• _Records for this task_
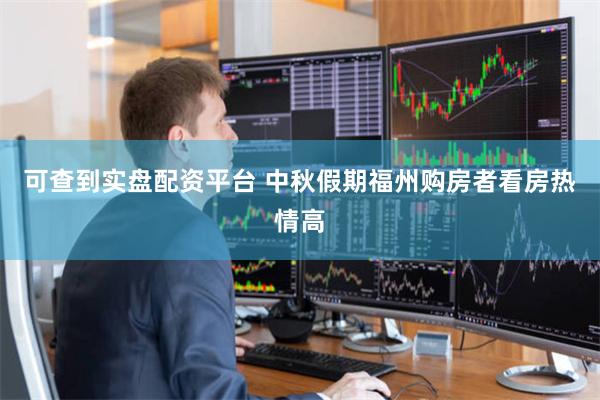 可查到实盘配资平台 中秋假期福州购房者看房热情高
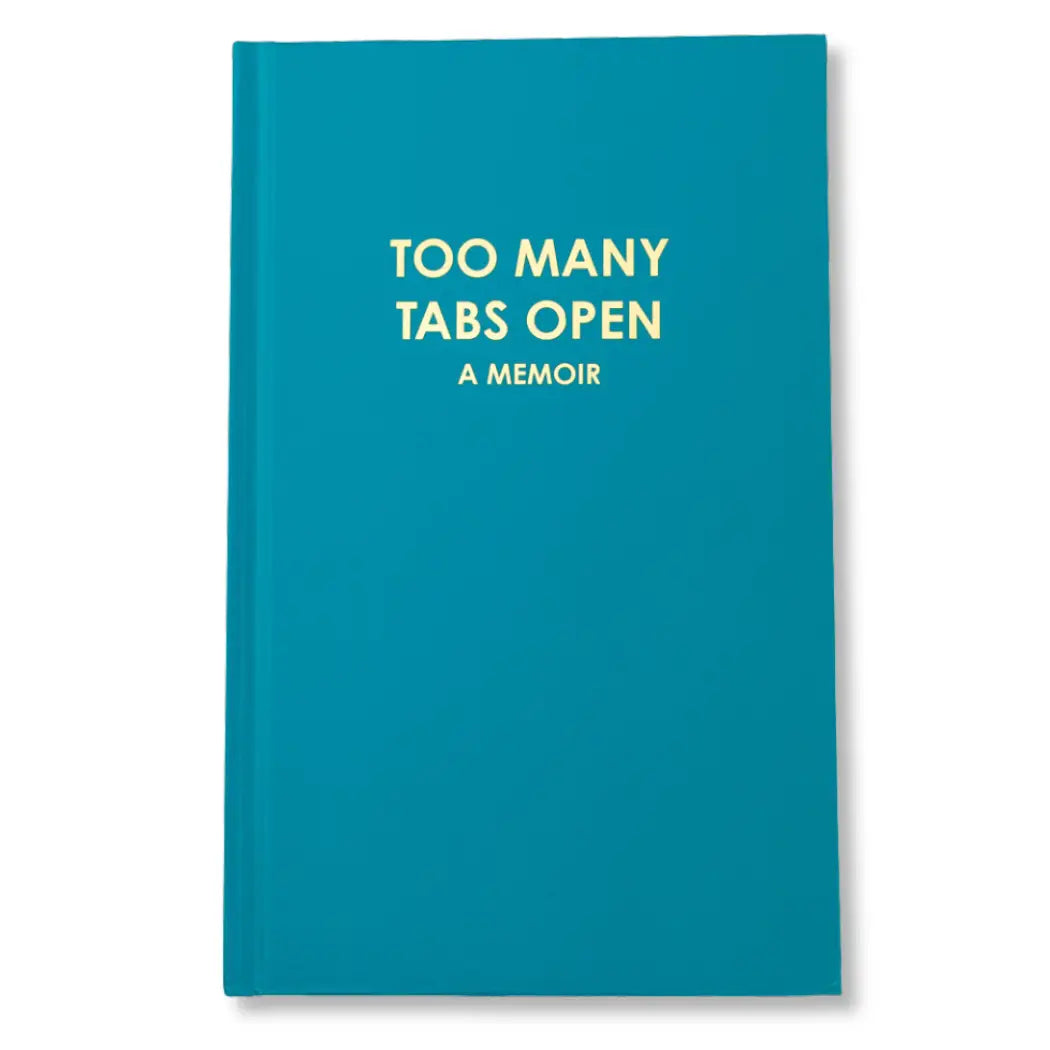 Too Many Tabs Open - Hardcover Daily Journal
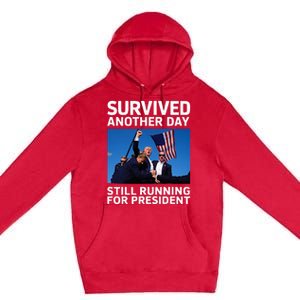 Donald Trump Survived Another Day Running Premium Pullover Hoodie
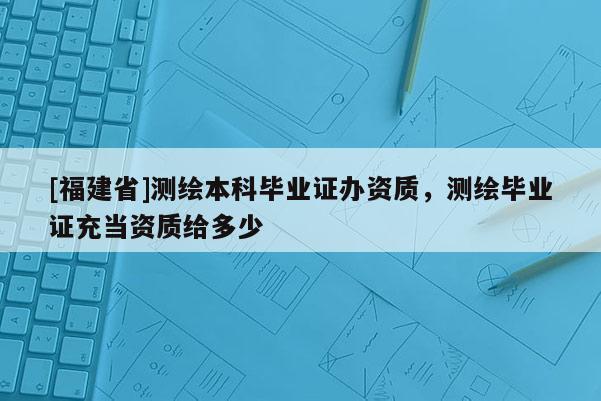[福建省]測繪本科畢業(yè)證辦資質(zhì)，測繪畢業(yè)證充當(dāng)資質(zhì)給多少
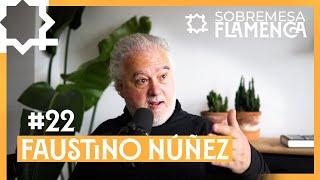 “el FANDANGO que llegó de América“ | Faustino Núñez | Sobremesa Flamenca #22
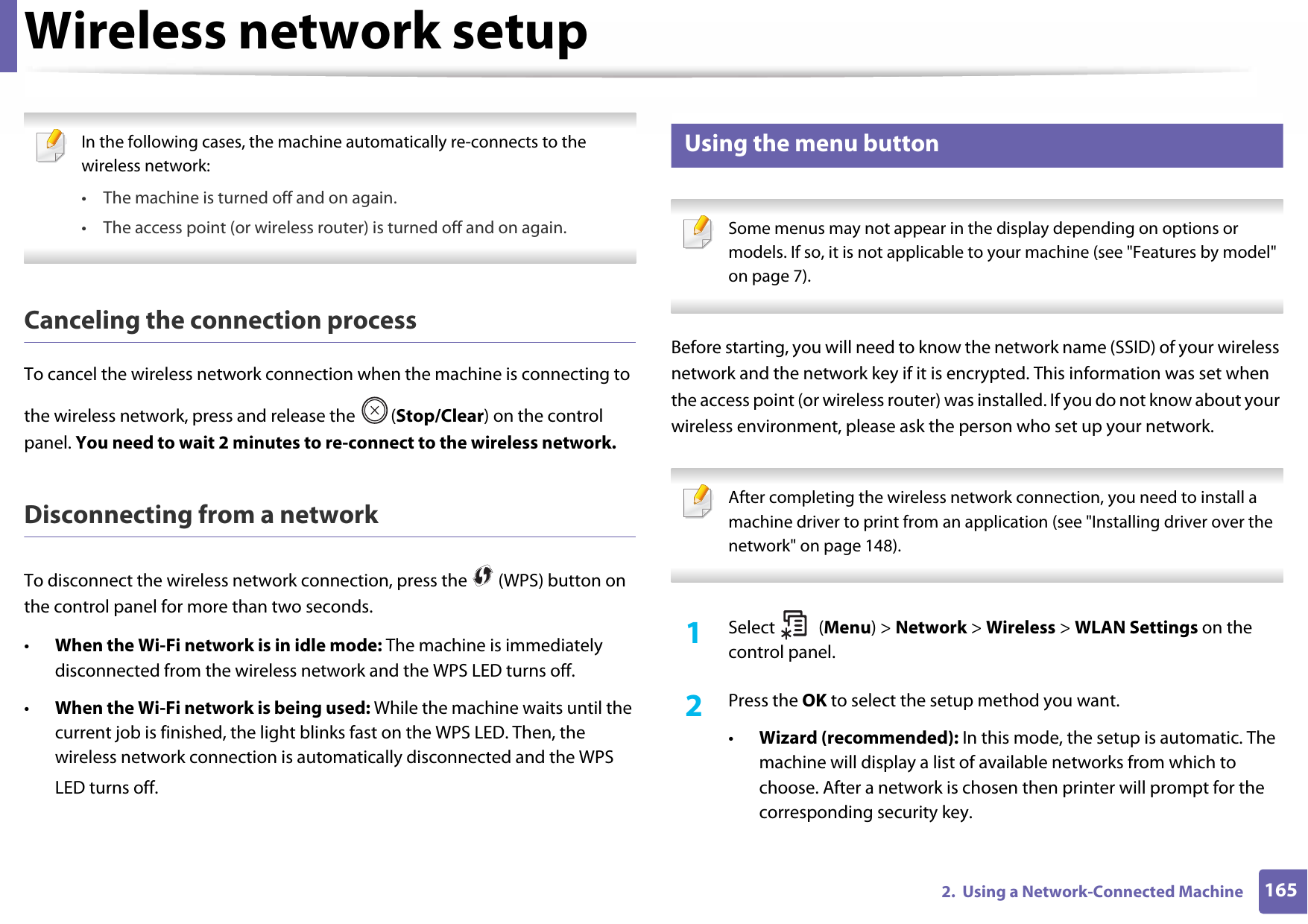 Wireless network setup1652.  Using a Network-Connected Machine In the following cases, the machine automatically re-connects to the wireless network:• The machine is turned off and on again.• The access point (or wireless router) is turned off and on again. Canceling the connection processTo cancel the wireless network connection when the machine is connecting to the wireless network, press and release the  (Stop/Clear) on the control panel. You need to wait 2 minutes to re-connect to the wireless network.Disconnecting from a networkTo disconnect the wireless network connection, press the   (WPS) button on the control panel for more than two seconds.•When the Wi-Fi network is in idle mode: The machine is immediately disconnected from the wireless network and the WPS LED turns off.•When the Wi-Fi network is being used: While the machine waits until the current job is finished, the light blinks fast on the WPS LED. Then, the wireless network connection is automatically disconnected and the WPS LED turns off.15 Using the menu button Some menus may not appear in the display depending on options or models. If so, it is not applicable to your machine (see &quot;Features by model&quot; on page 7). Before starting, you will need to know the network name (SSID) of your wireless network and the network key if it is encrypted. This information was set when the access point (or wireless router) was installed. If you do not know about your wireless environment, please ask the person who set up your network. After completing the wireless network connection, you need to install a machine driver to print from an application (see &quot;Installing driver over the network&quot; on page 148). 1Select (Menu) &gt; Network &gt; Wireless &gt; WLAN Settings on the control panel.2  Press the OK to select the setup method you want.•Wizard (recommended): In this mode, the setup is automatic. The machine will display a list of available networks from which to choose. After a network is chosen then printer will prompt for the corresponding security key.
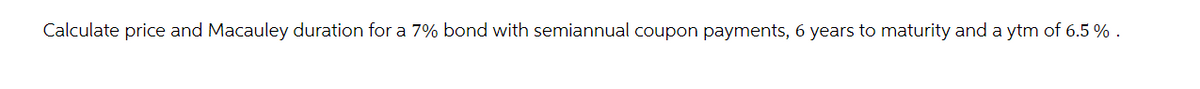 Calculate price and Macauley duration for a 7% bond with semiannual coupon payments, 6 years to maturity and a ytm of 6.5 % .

---

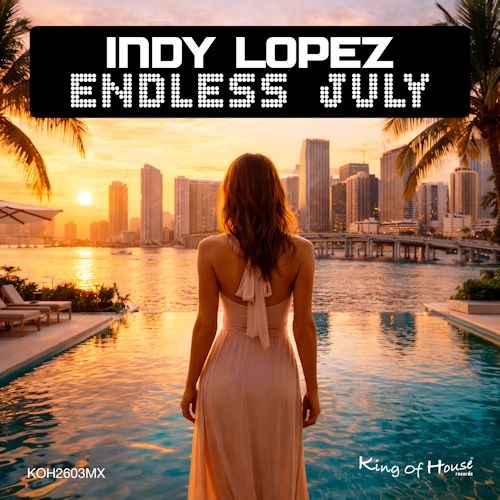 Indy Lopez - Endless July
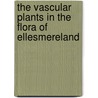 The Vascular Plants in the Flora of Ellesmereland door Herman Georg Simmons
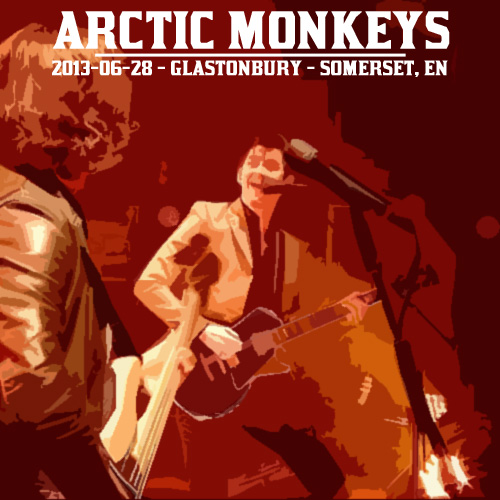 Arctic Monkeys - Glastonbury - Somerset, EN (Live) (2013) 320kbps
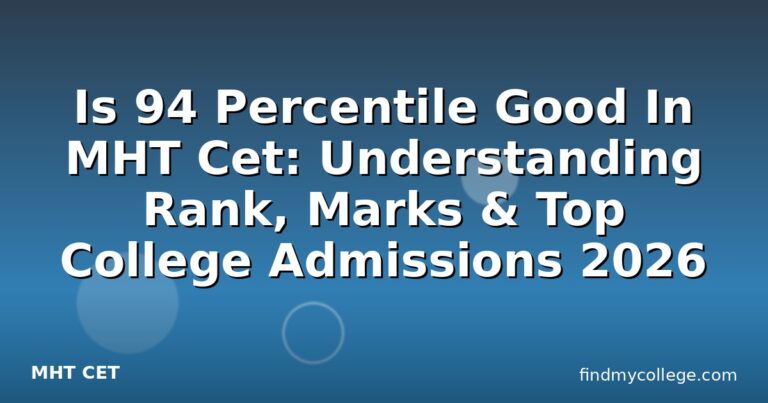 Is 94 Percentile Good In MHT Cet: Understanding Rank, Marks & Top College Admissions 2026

• _Work item_
Copy only what lies between the line with "The Vascular Plants" and the line with "Is 94 Percentile", those two lines included, exactly as given above; pictures stay out.

• _Answer to this task_
 The Vascular Plants in the Flora of Ellesmereland door Herman Georg Simmons
 Arctic Monkeys - Glastonbury - Somerset, EN (Live) (2013) 320kbps
 Is 94 Percentile Good In MHT Cet: Understanding Rank, Marks & Top College Admissions 2026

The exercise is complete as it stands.